While strong credit growth, which is well diversified, is a reflection of greater credit penetration and investment activity, there are concerns about the credit quality in the expansion phase. The Reserve Bank has already announced some measures and sensitised banks in this regard. Recent trends in credit growth warrant reiteration of these concerns. Banks are urged to undertake a comprehensive review of credit quality, including a segment wise analysis of activities with reference to those sectors where credit is expanding rapidly" (page 31, para - 60).

Aggregate deposits of banks rose by 14 percent during 2005-06 upto January 6, 2006, as compared with an increase of 10 per cent during the corresponding period of the previous year. A characteristic feature of this year's deposits growth is the spurt in demand deposits which rose by a staggering dimension of more than 30 per cent. In contrast, the growth was slightly less then 20 per cent during the previous year. The runaway expansion of bank credit, referred to above, and the unusual spurt in demand deposits perhaps reflect the potential demand pressures.

Perhaps the third element in this configuration of demand pressures is that asset prices in housing, equity and bullion have continued to accelerate. RBI has already initiated some action to contain that pressures Surveillance over exposure limits in the banking system in respect of sensitive sectors such as equity markets has been stepped up, and risk weights for calculation of capital adequacy have been increased in respect of housing and real estate.

Taking these features of the current economic situation into account, the Governor sounds a note of caution on inflation:

The risk to inflation from both domestic and global developments remain high persisting well into 2006-07. In particular, the remaining pass-through of international crude prices into domestic prices of LPG and Kerosene for inflation portends an upward bias to inflation in 2006-07." (page 35, para 65).

RBI is committed to take measures in a calibrated and prompt manner to stabilise inflation expectations in response to evolving circumstances and the January 2006 measures should be judged against this perspective. "The over-riding importance of monitoring well-anchored inflation expectations is critical for sustaining the growth momentum and assuring macroeconomic and financial stability" (page 25, para 54).

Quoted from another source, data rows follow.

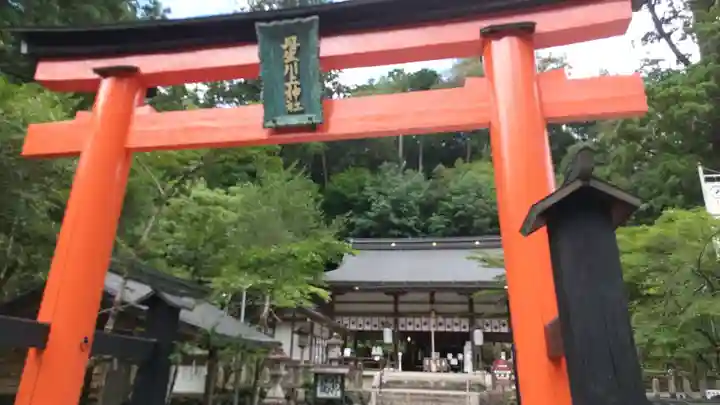 丹生川上神社(中社)(奈良県)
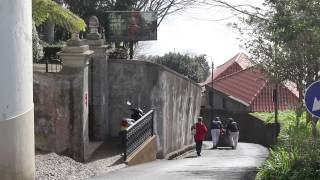 Carros de Cesto do Monte  Basket cars  Funchal Madeira Island [upl. by Eednahs106]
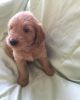 dynamic Goldendoodle Puppies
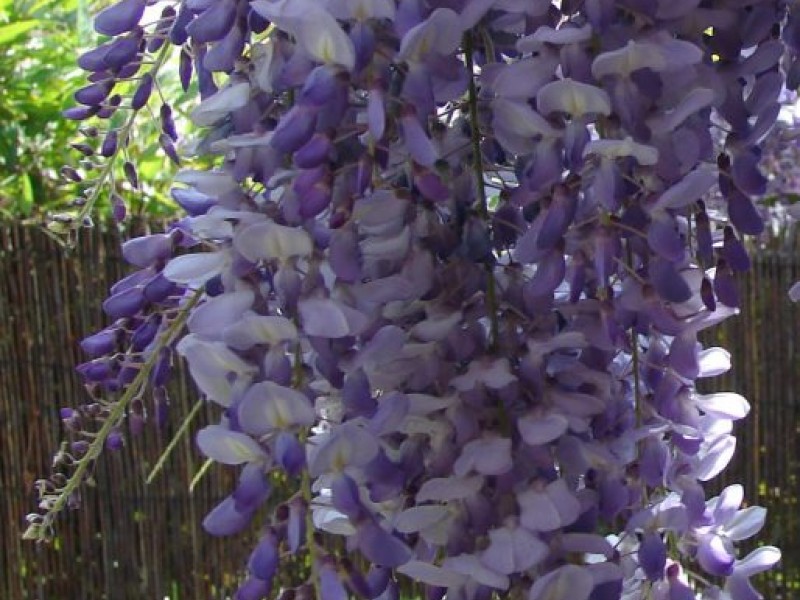 Wistaria Festival Needs Volunteers Sierra Madre, CA Patch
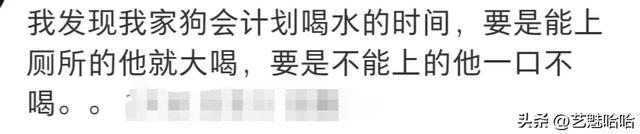 有没有被宠物智商震惊过？网友：那一刻显得我情商还没它高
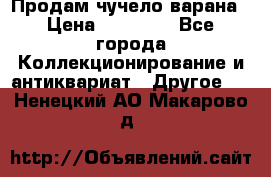 Продам чучело варана › Цена ­ 15 000 - Все города Коллекционирование и антиквариат » Другое   . Ненецкий АО,Макарово д.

Repo Rates and Interest Rate Structure:

Finally, a word about how repo rates may affect the general interest rate structure. As we all know, Repo (Repurchase Obligation) is a money market instrument involving two tiers of transactions, between bank and RBI. The term "Repo" refers to purchase of securities by RBI and injection of liquidity in the banking system, while "Reverse Repo" refer to sale of securities by RBI and absorption of liquidity. Since November 1997, RBI has been conducting Repo transactions on fixed rates. Thus Repo provides a cellaterised funding alternative. It must be added that apart from banks, RBI has allowed some mutual funds, housing finance companies, and insurance companies to undertake repo transactions through accounts maintained with custodians.

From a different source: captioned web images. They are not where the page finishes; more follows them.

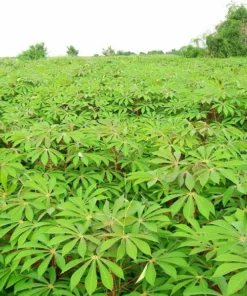 Sweet Yuca Cassava Plant Live in Pot with 5 Cuttings, 6 Inches, Well Rooted for Planting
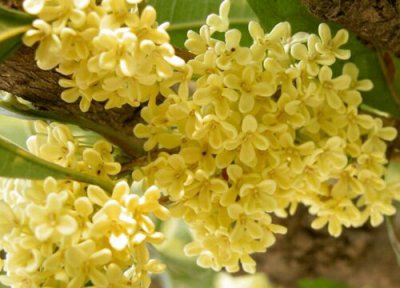 桂花采摘时间 桂花什么时候采摘
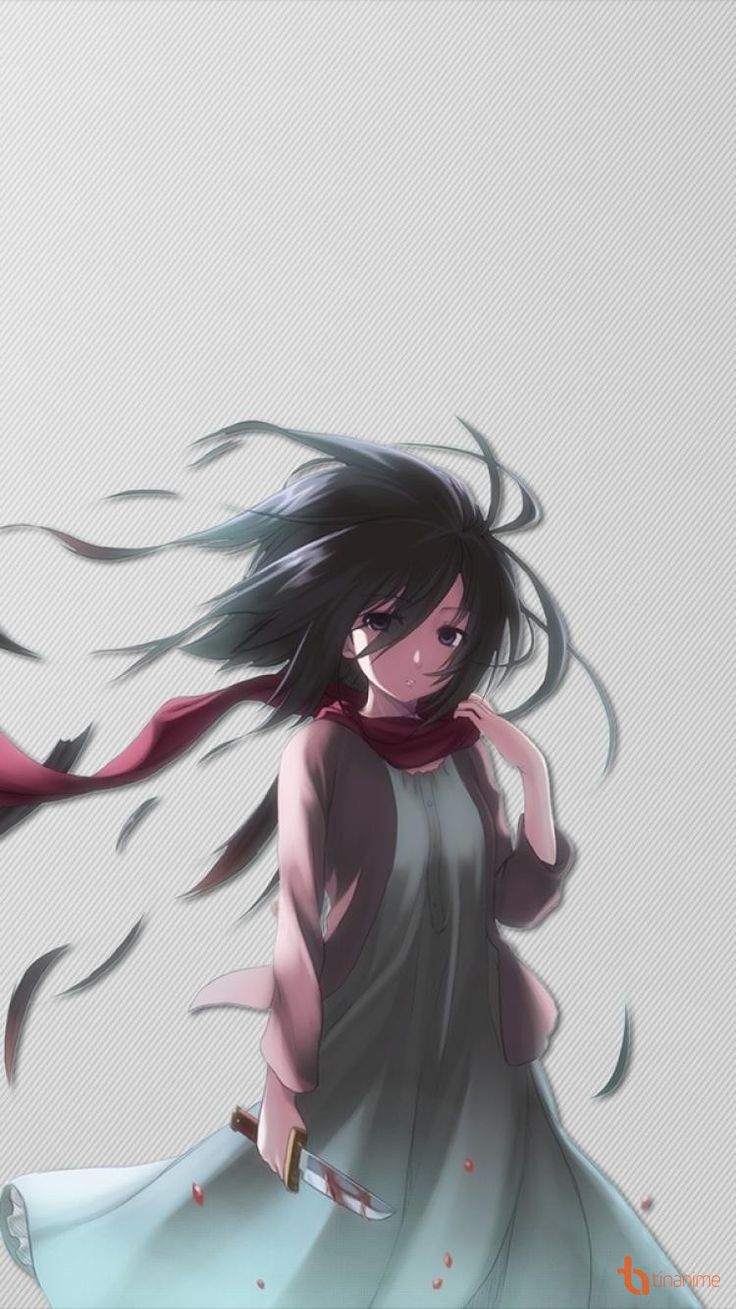 anh mikasa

Thus when the repo rates rise, the cost of funds to banks rises, and as a consequence banks are expected to raise their own lending rates. What is perhaps more important, the raising of repo rates is taken by banks as a signal by the Central Bank for the upward movement of interest rates in general. Hence the extent of the rise in repo rates is not as significant as the rise by itself. High lending rates are expected to moderate the runaway expansion of bank credit witnessed this year. Of course, high interest rate is an important, but not the only instrument, for moderating demand pressures. This measure needs to be buttressed by other measurer to rein in demand pressures and thereby inflationary forces.